I try to keep an open mind about the economics and the degree to which subsidized technologies will ultimately enter the mainstream. In the case of wind, some utilities are really gung-ho, while others are less than lukewarm. The subsidies are temporary and are only meant to kick-start the market until it begins to mature.
As for the study, I find the results misleading, because they're based on averages, rather than market leaders. Developers that enter an uncertain market early can ask for premium prices in exchange for the risks they take. Although Cape Wind's developers have sunk $23 million into the project so far, all they have to show for it is a mountain of paper and the prospect of facing at least another year of environmental studies. Remember, during the 1990s, Dell Computer had a five-year run of return on equity (ROE) of 46% and Intel's ROE was above 30% when those companies ruled their markets. Today, Dell and Intel's ROEs have fallen back into in the single digits as a result of intense competition.
We have several articles in the works that will take an in-depth look at the growing pains that the wind power industry is experiencing. Remarkably, they're not unlike the problems encountered by original equipment manufacturers at the birth of the gas turbine industry 35 years ago.
—Jamie Markos, consultant
When good subsidies go bad
I also oppose the Cape Wind project, but not for the reasons cited in your June 2006 editorial. My opposition is based on poor economics and the project's reliance on tax subsidies.

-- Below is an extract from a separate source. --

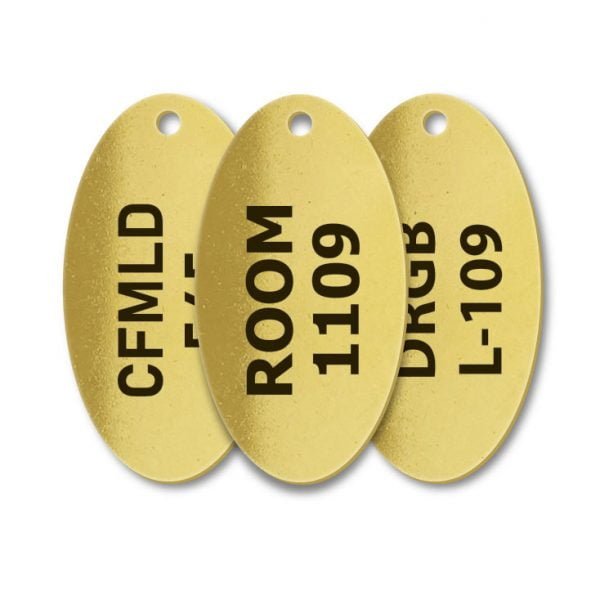 Brass Oval One Hole Engraved Tags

I'm not alone with regard to the first issue. I recall an op ed article in The Wall Street Journal a month or two ago by a top officer of a major U.S. energy company who said that he passed on investing in Cape Wind due to poor economics.
As for the second issue, government subsidies may be OK to nurture promising new technologies. However, they invariably take on a life of their own long after the need for them has passed. Wind power has been subsidized for years.
A good example of the adverse impact of government subsidies is ethanol. If ethanol is so good and important, why won't Congress repeal the ethanol import tax? Could it be because legislators don't want to increase competition for agribusiness giants, which are among America's biggest campaign contributors?
—Dr. Bert Zauderer, Sc.D., President, Coal Tech Corp. (Merion, Pa.)